Britain's Best Driver's Car 2020: The main event

Britain's best drivers car 2020 - lead

The winner of our ‘cheaper seats’ battle joins seven talented big hitters to vie for the title of Britain’s Best Driver’s Car

Being able to look back twice as far as any other judge, I can say with confidence that this, the 32nd Britain’s Best Driver’s Car (BBDC) event, was the toughest yet.

Everything was against our doughty troupe of contenders. Of all British tracks, Castle Combe and its notorious bumps present the greatest challenge for a road car, and that’s when it’s dry. When wet, bring your A-game or stay home. When damp, wet, with hints of a dry line and flooded all at the same time depending on where you are, it’s a bloody nightmare.
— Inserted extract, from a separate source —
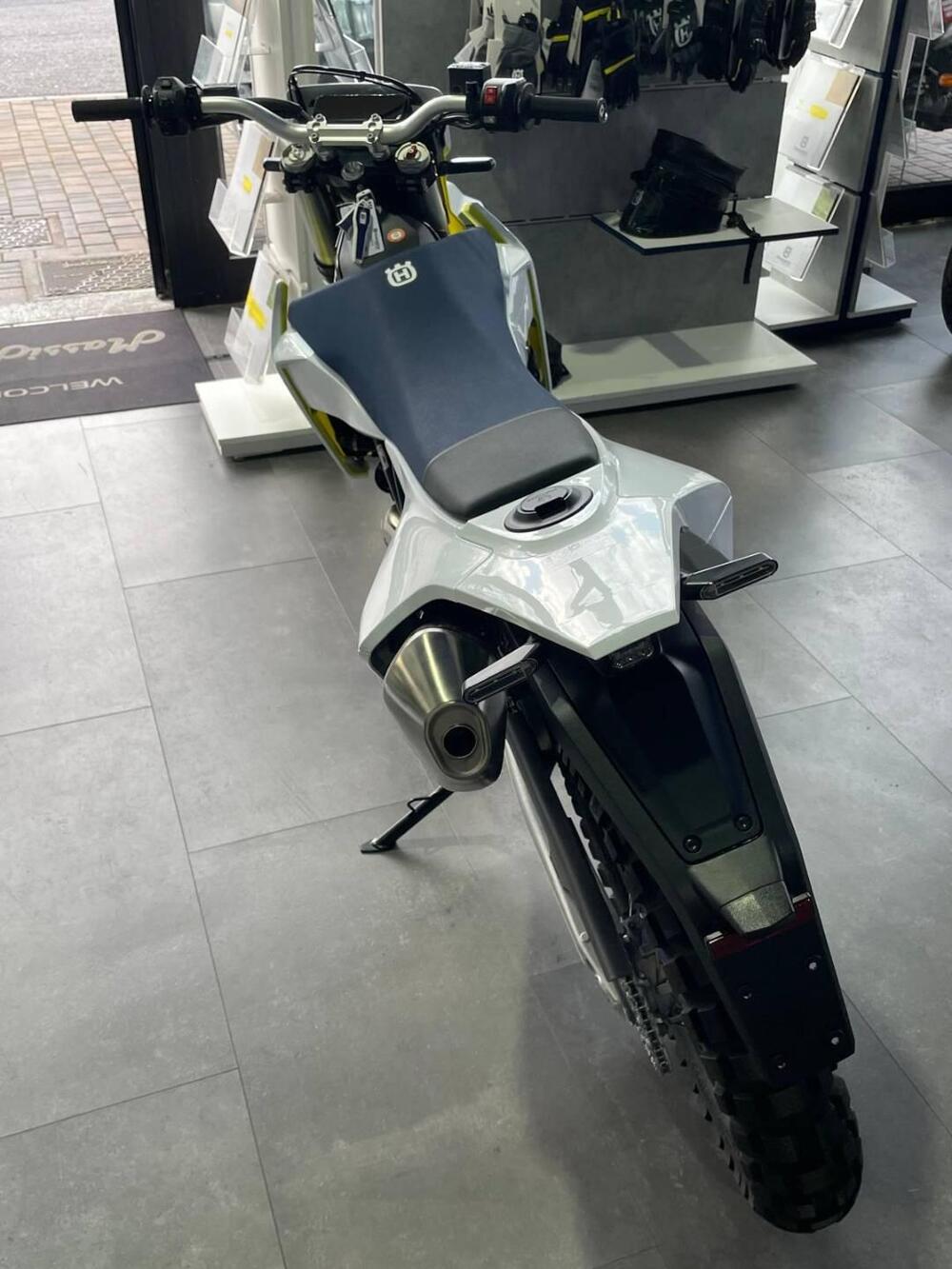 Husqvarna 701 Enduro (2026) (4)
The route from Combe across to quick and open roads around Wantage and Lambourn was easier for the drivers perhaps, but just as likely to expose the frailties of the cars. And then there was the time, or lack thereof. Short days, time spent sanitising cars, and periods when the track was too wet to learn anything other than how to have a pointless accident left no time for car or driver to warm up. If a car did not make you feel at once and entirely at home, that alone would rule it out of contention: there was no time for excuses.

Yet despite it all, perhaps the most remarkable fact about BBDC 2020 is that no car came up short. Usually, we’ll have invited something that turns out to be better on paper than in practice, and occasionally we’ve been left wondering why we bothered. But not this year.
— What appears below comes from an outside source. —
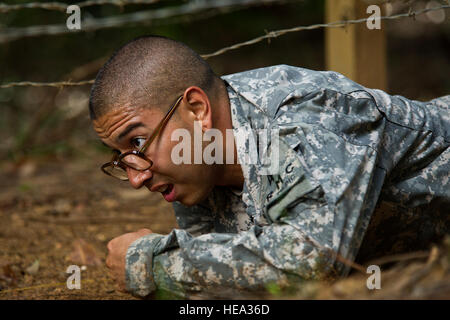 US Armee Sgt. Fernando Diaz, combat Medic zugewiesen 568th Medical Company (Boden Ambulanz), Camp Humphreys, Republik Korea, niedrig-kriecht unter Stacheldraht beim Abschluss des Vertrauens-Kurses während Pazifik regionale medizinische Befehl Best Medic Wettbewerb 2012 29. August 2012, Schofield Barracks in Wahiawa, Hawaii. Die PRMC Best Medic-Wettbewerb ist ein 72-Stunden körperliche und geistige Test der US-Armee Sanitäter Führung, Teamwork, Taktik, medizinisches Wissen und Krieger Aufgaben. Die Gewinner des Gewinnspiels PRMC weiterziehen, für den ArmyÕs beste Medic in Fort Sam Houston in San Ameise zu konkurrieren Stockfoto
So we’ll start with the car that’s already won, the Toyota GR Yaris, fresh from victory in our quest to find Britain’s best affordable driver’s car. Would it be cowed by uniformly more powerful and expensive rivals now it had earned the right to a seat on the top table? What do you think? As road test editor Matt Saunders put it: “It had the compliance, traction, stability and compactness to devour those slippery road surfaces.” At Combe, Saunders found himself actively seeking out the standing water, to see how it would cope. It did so magnificently. “I’d have taken five laps in this over 50 in some of the others” was his final comment. Was it lucky the conditions played to its inherent strengths? Possibly. Would it have done so well on a smooth, bone-dry track? Probably not, but you play the hand you’ve been dealt and it did so quite brilliantly.
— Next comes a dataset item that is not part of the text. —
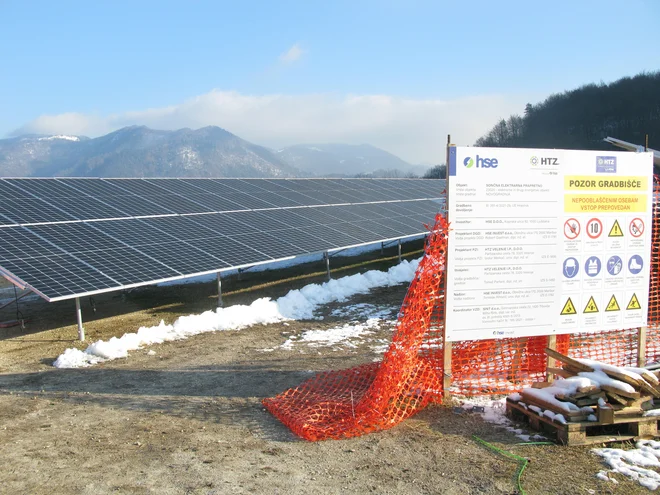 Naša največja sončna elektrarna Prapretno bo imela 3 megavate moči, stala bo 2,5 milijona, razprostira pa se skoraj na 4 hektarih. FOTO: Polona Malovrh/Delo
Next up is another outlier, the Porsche Taycan. Some judges didn’t even think it should be here, myself included. What business could a four-door electric car weighing 2300kg have amid such company, and what prospects were there for it to do anything other than come unstuck? Well, I got that wrong. As special correspondent James Disdale put it: “Regardless of its power source, this feels like a Porsche, from the weighting of its controls to the way it responds to your inputs. Acceleration and traction are remarkable, the fine control of its motors allowing it to conjure grip on the most unhelpful of surfaces.”

It was profoundly impressive to see the Taycan not so much drive as bludgeon its way through the weather and around the circuit, finding purchase where logic told you there should be none. Editor-at-large Matt Prior observed it could do “odd things when you go from acceleration to braking on track”. But if the Taycan had an issue, it was that expressed by road tester Simon Davis: “The speed and agility are great, but once you look past the insane engineering that enables them, there’s not much else that excites me.”

As for the more conventional Porsche in our midst, when I saw the weather forecast I was moved to call Saunders and suggest in jest that we should give the award to the 911 Turbo S and stay home. In the event, it didn’t quite turn out like that but, even so, its ability to deploy what felt like limitless torque through the medium of its four-wheel-drive hardware and the traction benefit of having that motor slung over the rear wheels provided a formidably high bar for the others to vault.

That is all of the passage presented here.